It’s been a year since I’ve brought up the subject, so let’s dive back in and see if we’ve picked up anything new.
You Must Remember This – I’ve been checking in with this one more frequently – just in time for it to go on an indefinite hiatus, sadly – and it’s been well worth it. I’m a fan of well-done curation of information and the research and presentation in YMRT is aces. I’m also a fan of podcasts that bridge levels of experience and types of engagement with film and that’s where host/producer Karina Longworth’s selection of topics comes to the fore. It touches on the most-known figures of classic movies but goes deeper than the casual fan’s familiarity while fighting the good fight against the rampant revisionism that Hollywood lathers on before history’s corpse has cooled.
Highlights: The show’s run on the Manson Family murders of the 1960s is possibly the best-known era of the show, but its latest (and, at the moment, last) season focused on fact-checking Kenneth Anger’s Hollywood Babylon and maybe most encapsulates where the show grew in terms of breadth and depth.
Unspooled –
The Next Picture Show: “Everybody’s familiar with Orson Welles’s masterpiece…”
The Film Comment Podcast: (audible eye roll) “Everybody’s familiar with Orson Welles’s ‘masterpiece’…”
Unspooled: “So there’s this movie called Citizen Kane…”
Remember how I said I like podcasts that bridge levels of film knowledge? It is possible for the gap to be too wide. In Unspooled, Paul Scheer (How Did This Get Made?) and critic Amy Nicholson go through the AFI Top 100 American Films list one by one. I’m a sucker for this list whenever it gets updated because it encompasses a wide range of tastes. The sometimes lopsided amount of experience with widely-known films makes the conversation a bit Film Studies 101 but fortunately their taste in guests makes for interesting segments, like Jackass director Jeff Tremaine commenting on The General or Andrew Ti and Tawny Newsome of the podcast Yo Is This Racist? weighing in on the blackface scene from Swing Time.
Highlights: There’s something for everyone on the AFI Top 100, so pick a favorite and go from there (outside the rather dire first episode on Kane).
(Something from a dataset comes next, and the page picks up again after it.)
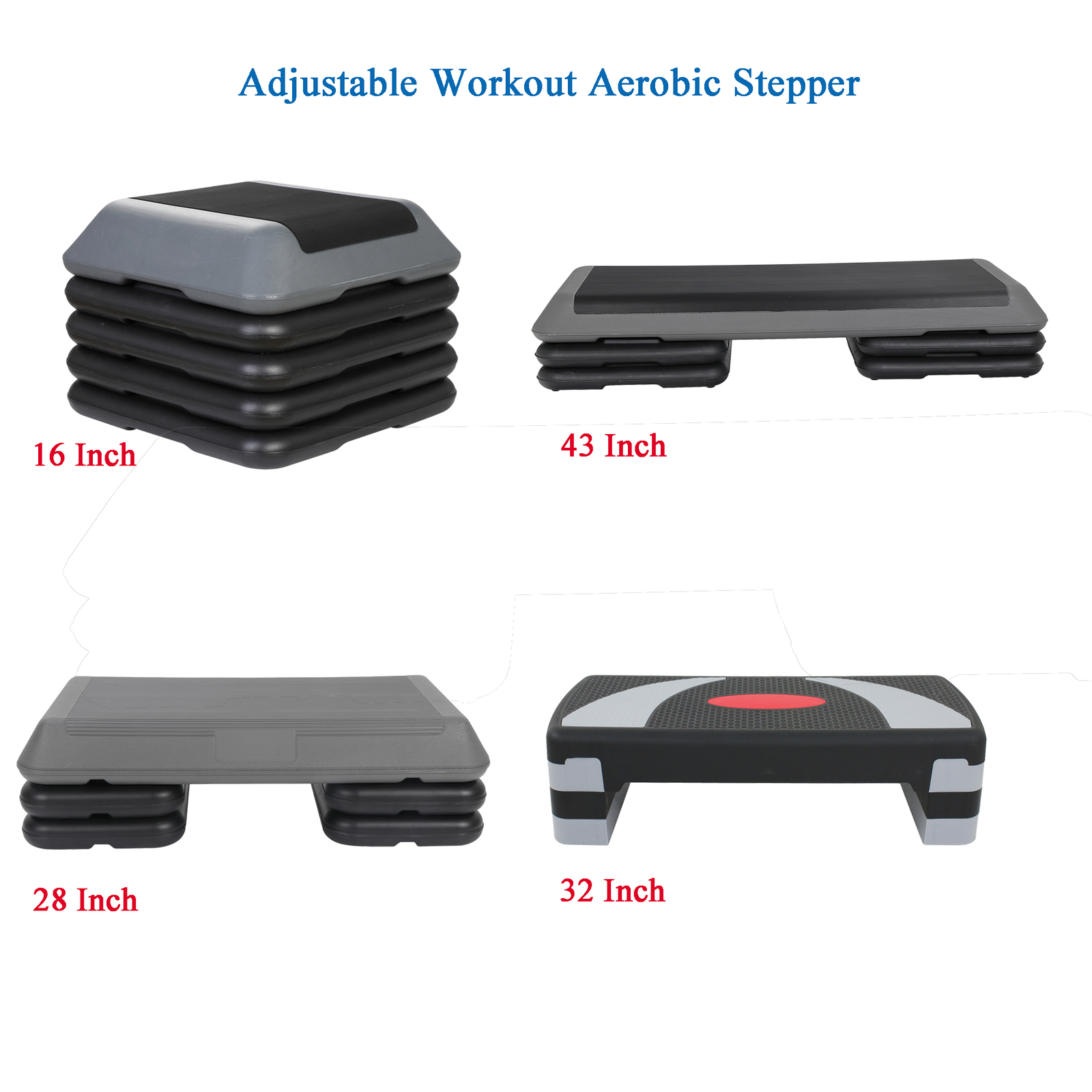 Aerobic Stepper Step Platform 16"28"31"43" Exercise Workout Stepper w/ 4 Risers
I Was There Too – I don’t know how I left this one off last year’s list as I’ve been a listener from early-on, but I can point to it in all its glory now because, like You Must Remember This, this show is also on an indefinite hiatus. But also like YMRT, the episodes are evergreen. Affable host and producer Matt Gourley interviews performers with small roles in big movies. It’s a great concept that gives a behind-the-scenes look from a vantage point often ignored. For every A-list guest making the rounds on the talk show couches there’s a dozen working day players. Gourley gives them the chance to shine for once and the result is a fresh perspective on the movies.
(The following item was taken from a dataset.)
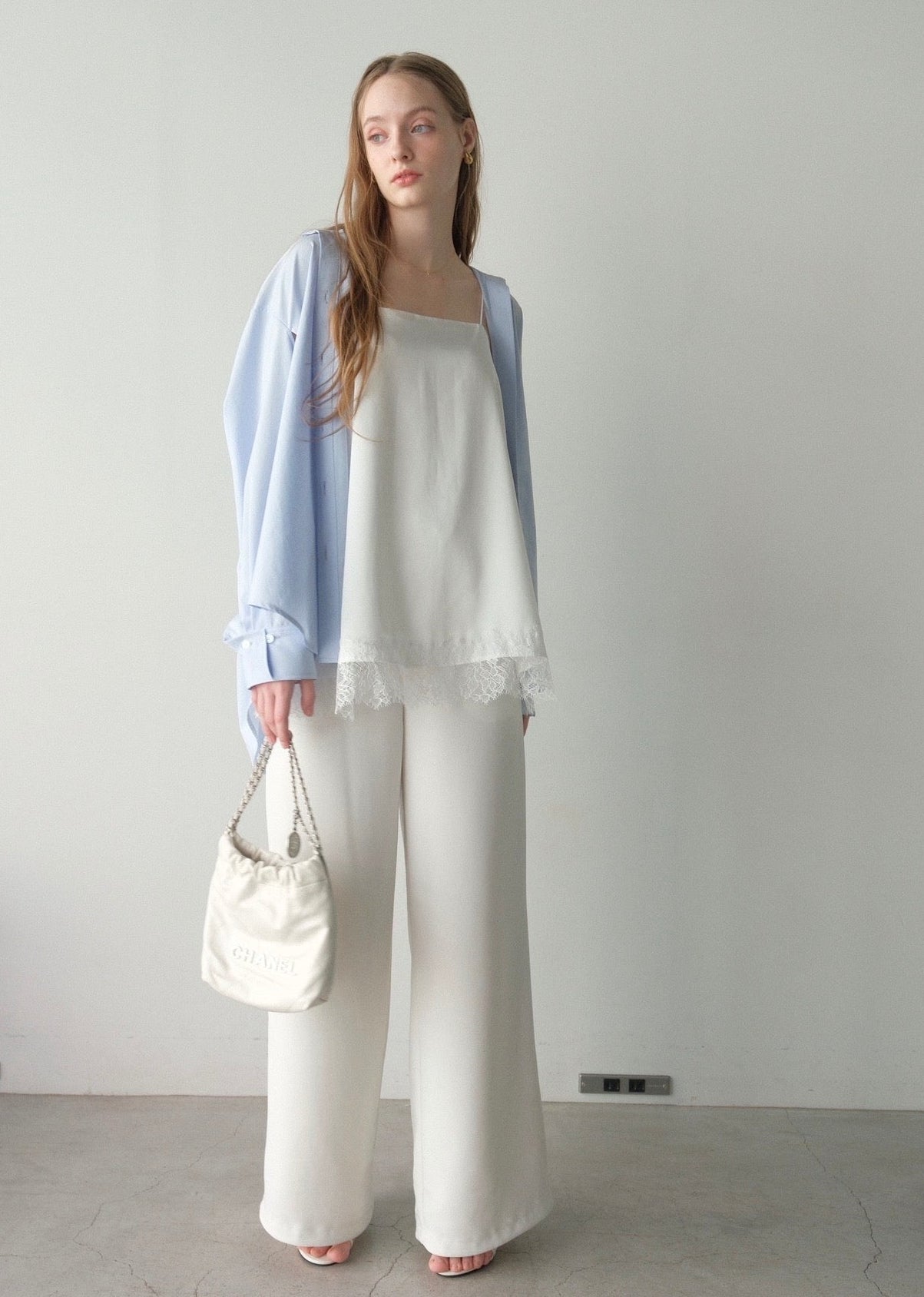 撥水 2way silky over shirt / pale blue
Highlights: A lot of these have sadly moved behind a paywall, but for those with Stitcher access or other means, an early episode with the passengers on the bus from Speed is a good one. For the final episode (available for free), Gourley completes a series-long goal and talks with Brooke Smith who played the woman in the hole in Silence of the Lambs.
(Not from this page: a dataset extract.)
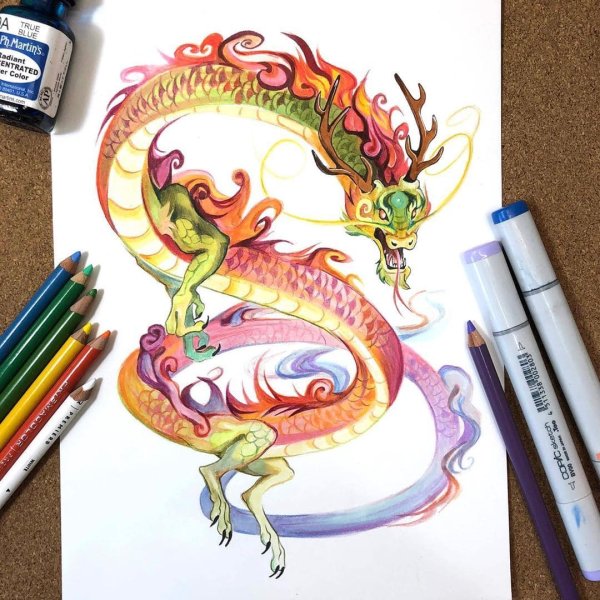 Дракон маркерами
There’s only so many hours in the day, of course, and I try to keep up on numerous non-movie podcasts (like RadioLab, Reply All, Love + Radio) in addition to the ones ongoing in last year’s article. But as you can see, podcasts do (sometimes) come to an end. Recommendations are always useful lest on our long car rides we’re forced to resort to (shudder) terrestrial radio! Anybody listening to a new podcast? Is there a different direction in an old favorite?